31 May 2013 All day CRASSH, Alison Richard Building, 7 West Road, Cambridge CB3 9DT - SG1&2

Description

Online registrations are now closed. Please email events@crassh.cam.ac.uk if you would like to take part.
Conference fee: £15 (full); £7 (student)

 

Convenors

Dr Sujit Sivasundaram (Faculty of History)

Professor Simon Schaffer (HPS)

Summary

This workshop continues an important set of debates and reflexions on the interaction between histories of the sciences and models of global history.  These debates ask fundamental questions about what science has meant on the global stage and how sciences have come to take form through global confrontations, connections and politics. A previous CRASSH workshop in May 2009, entitled, Are we ready to recast the history of science? made a significant contribution to this historiographical conversation and generated a special ‘focus’ issue in Isis (2010).

One question that emerged from that special issue asked about the integration of varied sources from different cultural positions in forging a global history of science. For too long European sources and remains have been prioritised in this historiography. This led to the dominance of a narrowly defined intellectual inquiry, namely the relation between European expansion and science. The prioritisation of European materials has also meant that national frameworks have been central in the narration of histories of science. A second issue that emerged from the special issue was the question of how to interpret the networked past of global science, whilst at the same time coming to terms with the need for collaborative relationships today, spanning different parts of the world, in order to create new global histories of science.

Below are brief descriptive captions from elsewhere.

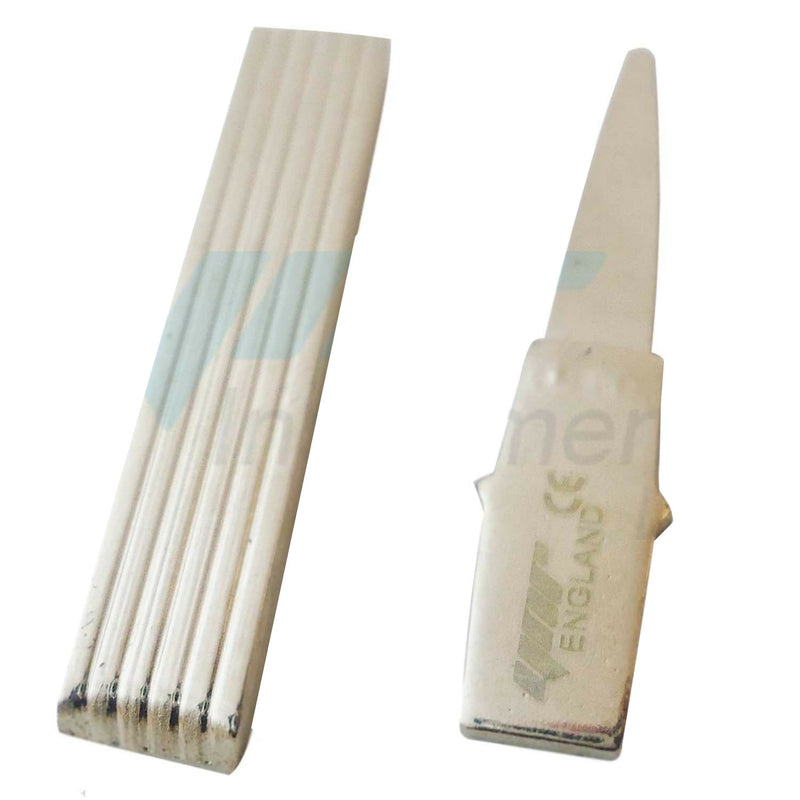 YNR Classic Silver Dental Tartar & Plaque Remover | CE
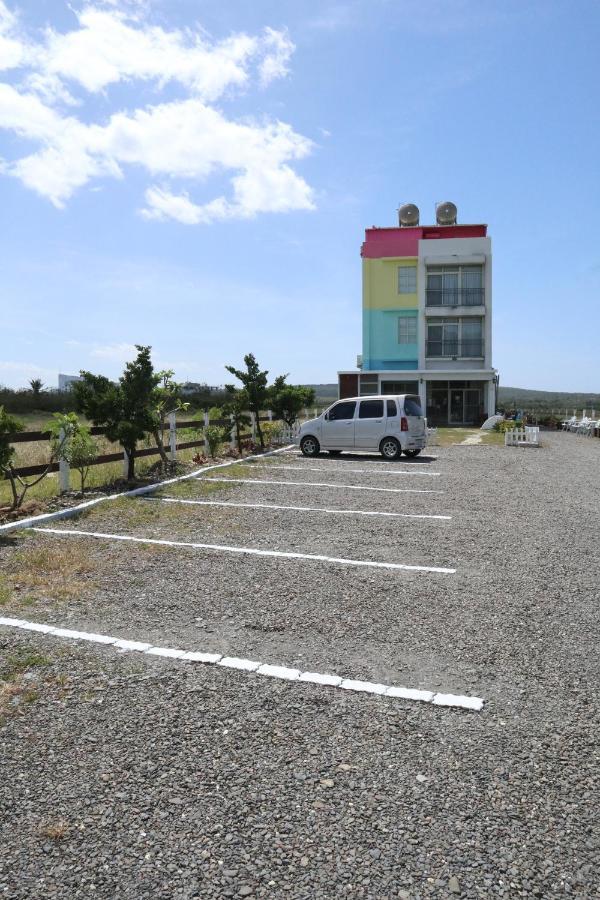 Let'S Play B&B 七桃旅宿 Nanwan Exterior photo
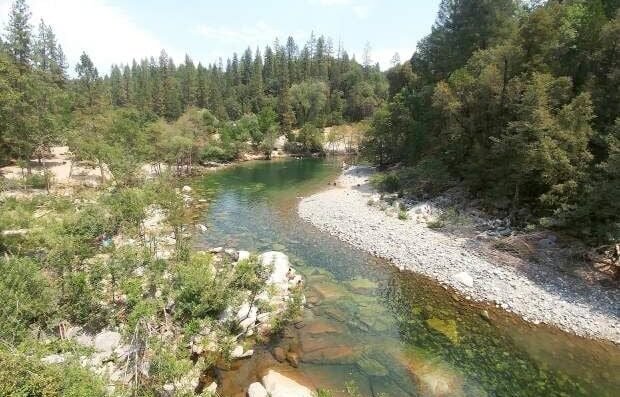 oregon creek day use area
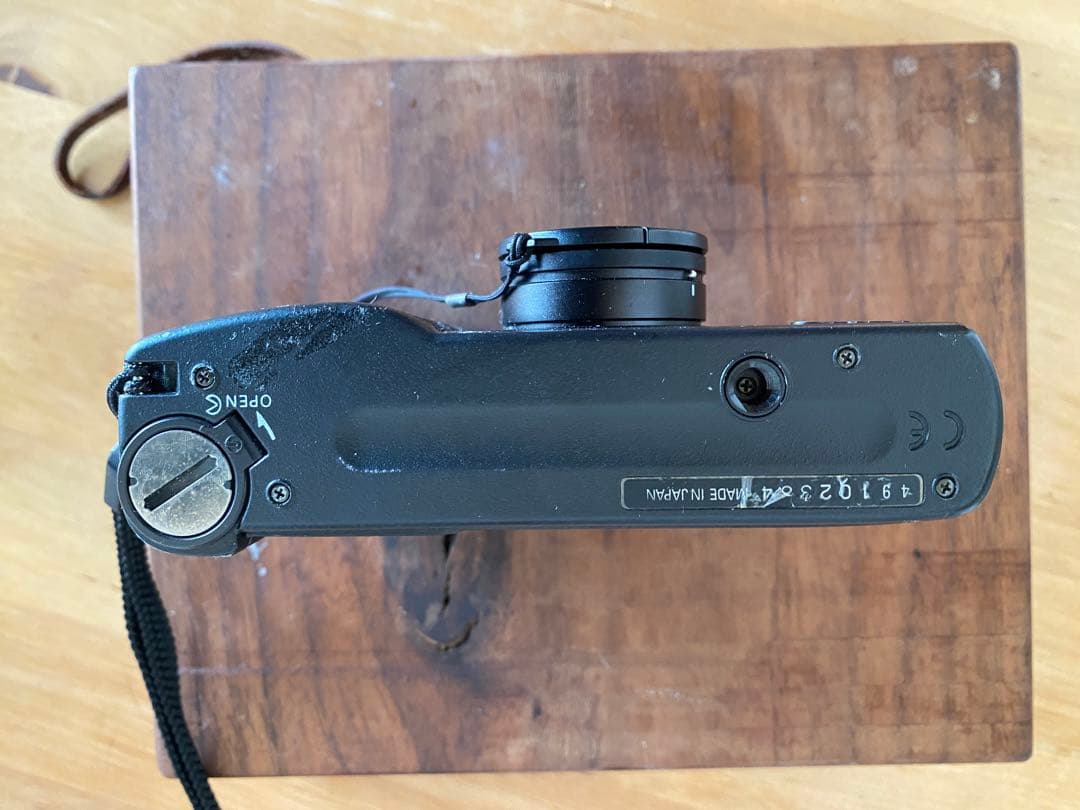 RICOH GR21 コンパクトフィルムカメラ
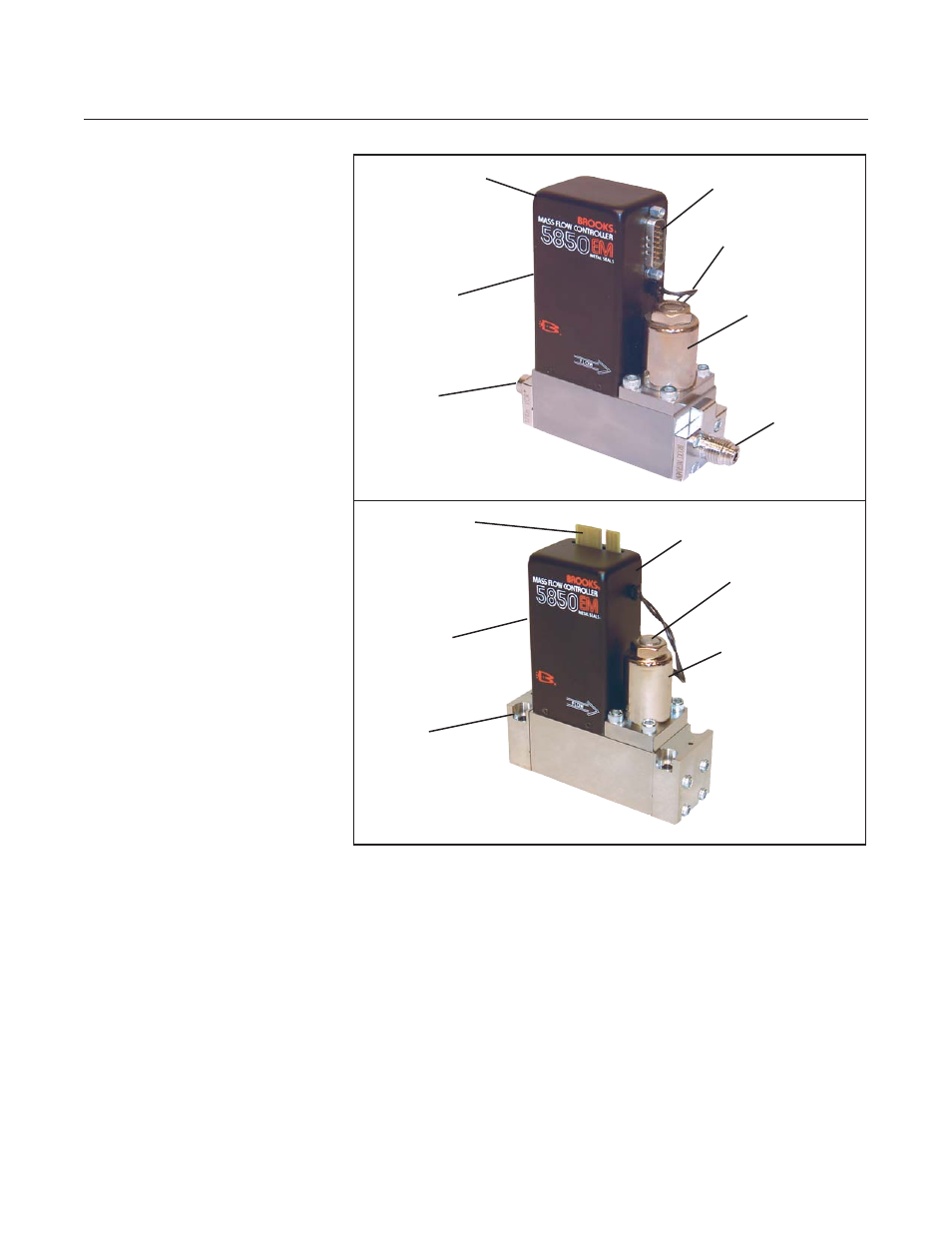 Brooks | Brooks Instrument 5850EM User Manual | Page 26 / 74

This new meeting marks the first of three workshops funded by the AHRC. The concerns that emerged from the special issue are central to all three workshops. This first workshop marks the visit to Cambridge of Prof. S. Irfan Habib (Maulana Abul Kalam Azad Chair, Delhi, India) and Dr.Keith Breckenridge (University of Witwatersrand, South Africa). The aim in the first instance is to link UK-based scholars with those working in South Asia and Africa on questions of the sciences’ past. The network is also connected with the Centres of South Asian Studies and African Studies and the Faculty of History and the Department of History and Philosophy of Science in the University of Cambridge. The workshop will involve discussions of work-in-progress by Habib and Breckenridge, and will involve presentations from graduate students based in the Faculty of History and in the Department of History and Philosophy of Science, University of Cambridge.

 

Sponsors

Supported by the Centre for Research in the Arts, Humanities and Social Sciences (CRASSH) and the Arts & Humanities Research Council (AHRC).

Other related events

Other events connected with the visits of Prof. S. Irfan Habib and Prof. Keith Breckenridge:

  • 5pm, 1st May 2013, Professor S. Irfan Habib, “Some reflections on the intellectual legacy of Shaheed Bhagat Singh (1925-1931)”, South Asian Studies Center.
  • 2.30pm, 2nd May, 2013, Professors S. Irfan Habib and Breckenridge in conversation with the World History Workshop, Gonville & Caius (open to all but RSVP required – please contact Christopher Moffat cjm205).
  • 5pm, 9th May 2013, Professor Keith Breckenridge,”Imperial Biometric Laboratory: Edward Henry on the Witwatersrand in 1900″, World History Seminar, New Combination Room, Corpus Christi College.
  • 1pm, 9th May 2013, Professor S. Irfan Habib, “Early Islamic eclecticism and the pursuit of science”, Seminar Room 1, Department of History and Philosophy of Science. 
  • 1pm, 16th May 2013, Professor Keith Breckenridge, “Galton's Imperial Science: the African origins and objects of Eugenics”, Seminar Room 1, Department of History and Philosophy of Science.